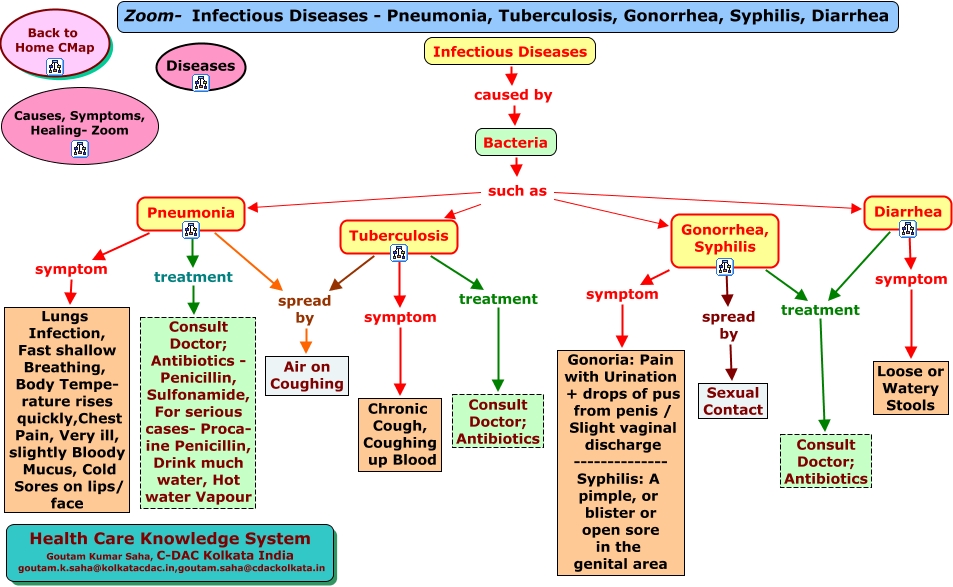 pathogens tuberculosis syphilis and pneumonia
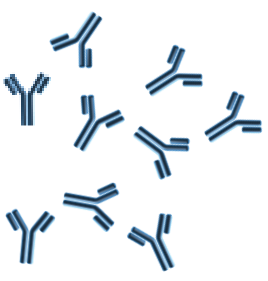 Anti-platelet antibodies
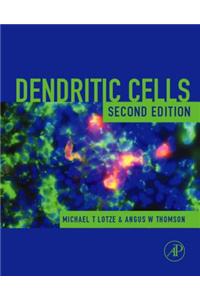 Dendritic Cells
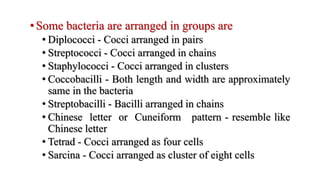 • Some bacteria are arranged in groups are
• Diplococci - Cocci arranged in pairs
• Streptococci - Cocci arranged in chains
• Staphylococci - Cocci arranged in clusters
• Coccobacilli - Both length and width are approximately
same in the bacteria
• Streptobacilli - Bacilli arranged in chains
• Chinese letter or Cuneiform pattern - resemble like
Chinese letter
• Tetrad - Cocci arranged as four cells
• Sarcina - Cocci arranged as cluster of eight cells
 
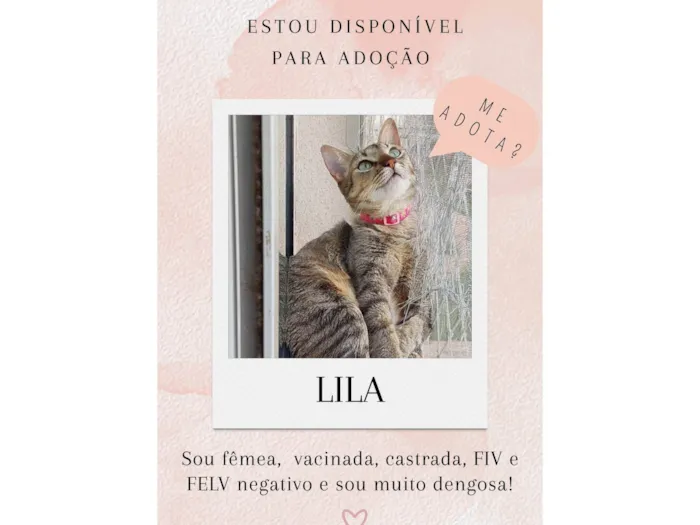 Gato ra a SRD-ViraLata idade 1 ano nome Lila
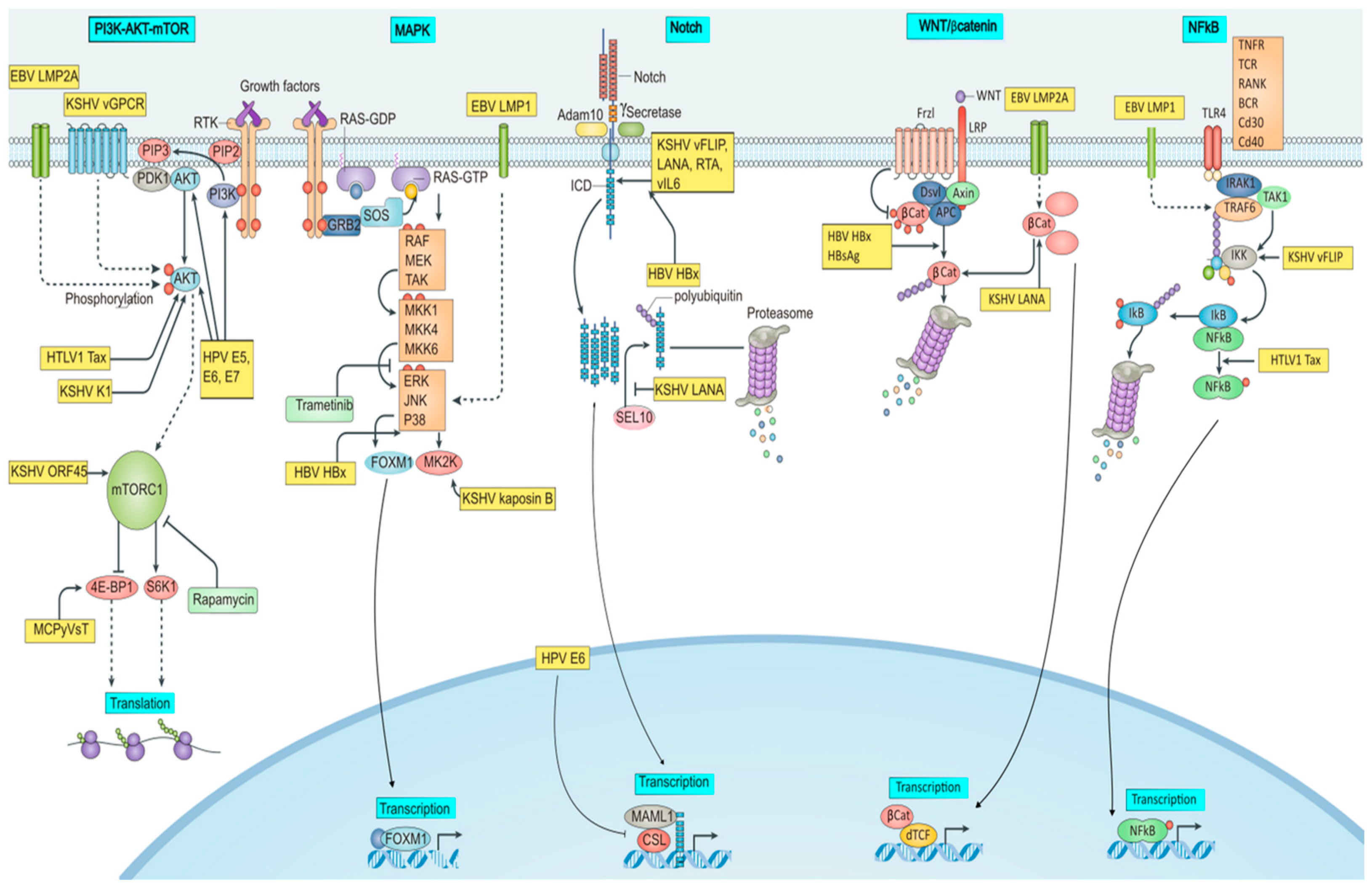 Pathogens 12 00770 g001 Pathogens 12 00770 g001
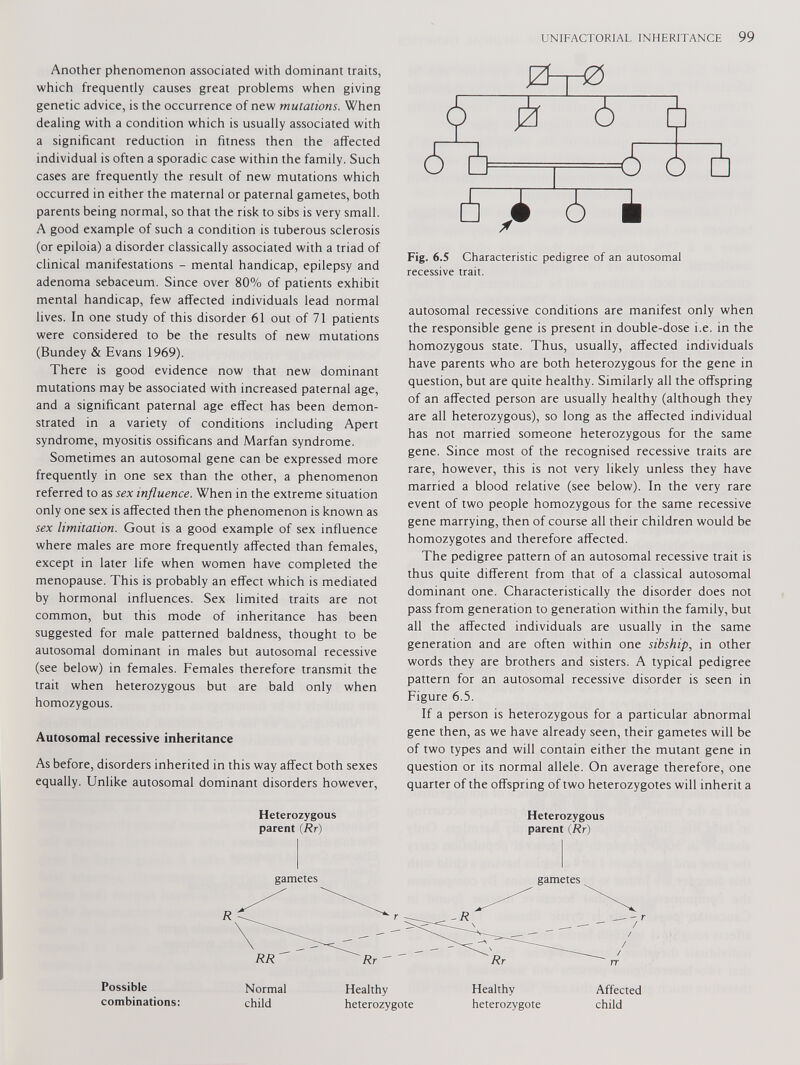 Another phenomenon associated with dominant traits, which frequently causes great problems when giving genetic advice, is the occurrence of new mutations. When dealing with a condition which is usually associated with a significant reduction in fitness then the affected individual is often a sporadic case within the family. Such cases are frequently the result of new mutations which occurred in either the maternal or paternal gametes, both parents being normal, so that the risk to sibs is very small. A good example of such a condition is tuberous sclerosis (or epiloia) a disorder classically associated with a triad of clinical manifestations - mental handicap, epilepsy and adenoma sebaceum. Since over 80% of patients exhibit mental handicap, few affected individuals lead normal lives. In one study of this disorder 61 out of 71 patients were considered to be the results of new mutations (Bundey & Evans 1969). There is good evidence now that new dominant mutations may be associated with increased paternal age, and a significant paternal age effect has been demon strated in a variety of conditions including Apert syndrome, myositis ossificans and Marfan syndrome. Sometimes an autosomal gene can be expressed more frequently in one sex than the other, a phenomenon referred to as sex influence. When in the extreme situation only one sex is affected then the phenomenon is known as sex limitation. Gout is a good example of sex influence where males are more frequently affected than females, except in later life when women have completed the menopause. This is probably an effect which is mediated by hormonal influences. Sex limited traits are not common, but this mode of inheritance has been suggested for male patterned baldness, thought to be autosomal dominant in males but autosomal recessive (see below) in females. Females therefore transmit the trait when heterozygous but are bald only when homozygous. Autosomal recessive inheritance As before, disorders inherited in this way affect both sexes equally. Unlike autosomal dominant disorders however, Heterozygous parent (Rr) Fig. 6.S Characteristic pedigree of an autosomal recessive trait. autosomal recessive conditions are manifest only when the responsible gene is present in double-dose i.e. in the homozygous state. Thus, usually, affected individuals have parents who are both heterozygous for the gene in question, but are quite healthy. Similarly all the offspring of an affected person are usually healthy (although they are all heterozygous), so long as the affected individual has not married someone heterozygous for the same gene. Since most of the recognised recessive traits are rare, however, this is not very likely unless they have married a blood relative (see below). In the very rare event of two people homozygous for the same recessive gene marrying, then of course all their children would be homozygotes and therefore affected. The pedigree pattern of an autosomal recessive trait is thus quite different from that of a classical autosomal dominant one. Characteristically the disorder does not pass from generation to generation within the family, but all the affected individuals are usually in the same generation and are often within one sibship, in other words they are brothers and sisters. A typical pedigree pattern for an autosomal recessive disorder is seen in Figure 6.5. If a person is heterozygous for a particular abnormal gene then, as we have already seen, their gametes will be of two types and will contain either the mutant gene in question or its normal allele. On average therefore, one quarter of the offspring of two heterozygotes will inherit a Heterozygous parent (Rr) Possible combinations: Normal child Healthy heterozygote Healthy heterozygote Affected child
#####
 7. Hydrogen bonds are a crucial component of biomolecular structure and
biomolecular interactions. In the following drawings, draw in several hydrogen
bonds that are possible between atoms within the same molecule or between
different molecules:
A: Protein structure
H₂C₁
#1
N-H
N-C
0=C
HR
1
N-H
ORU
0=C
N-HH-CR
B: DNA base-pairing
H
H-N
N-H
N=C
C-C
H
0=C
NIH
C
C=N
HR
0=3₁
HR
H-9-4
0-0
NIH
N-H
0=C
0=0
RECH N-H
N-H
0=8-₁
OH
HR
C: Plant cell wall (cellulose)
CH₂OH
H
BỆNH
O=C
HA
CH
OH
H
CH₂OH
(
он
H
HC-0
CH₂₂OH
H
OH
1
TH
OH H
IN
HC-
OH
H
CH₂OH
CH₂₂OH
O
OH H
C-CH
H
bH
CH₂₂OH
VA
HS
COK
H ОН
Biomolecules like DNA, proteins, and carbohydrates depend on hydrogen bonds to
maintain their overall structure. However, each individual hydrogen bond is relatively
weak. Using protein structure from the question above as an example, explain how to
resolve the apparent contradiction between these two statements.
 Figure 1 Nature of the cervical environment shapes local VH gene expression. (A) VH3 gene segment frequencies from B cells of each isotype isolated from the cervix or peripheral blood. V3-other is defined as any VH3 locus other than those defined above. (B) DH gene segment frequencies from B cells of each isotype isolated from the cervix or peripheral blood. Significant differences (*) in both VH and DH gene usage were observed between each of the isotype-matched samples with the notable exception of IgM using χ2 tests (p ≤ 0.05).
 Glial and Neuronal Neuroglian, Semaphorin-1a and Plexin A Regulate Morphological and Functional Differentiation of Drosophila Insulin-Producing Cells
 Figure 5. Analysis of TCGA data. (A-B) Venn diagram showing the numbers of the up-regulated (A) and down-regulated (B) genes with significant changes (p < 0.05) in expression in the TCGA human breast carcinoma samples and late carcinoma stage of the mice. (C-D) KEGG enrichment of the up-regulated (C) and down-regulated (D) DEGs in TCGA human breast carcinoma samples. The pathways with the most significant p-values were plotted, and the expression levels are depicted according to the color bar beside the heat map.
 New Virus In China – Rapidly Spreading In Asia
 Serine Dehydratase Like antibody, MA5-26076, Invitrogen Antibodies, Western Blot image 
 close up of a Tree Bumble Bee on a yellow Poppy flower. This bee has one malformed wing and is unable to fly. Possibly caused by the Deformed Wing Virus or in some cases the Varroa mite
#####
EXERCISE PROMPT:
Find "structure" in the preceding records. Copy each line that holds it.

SOLUTION:
 7. Hydrogen bonds are a crucial component of biomolecular structure and
A: Protein structure
maintain their overall structure. However, each individual hydrogen bond is relatively
weak. Using protein structure from the question above as an example, explain how to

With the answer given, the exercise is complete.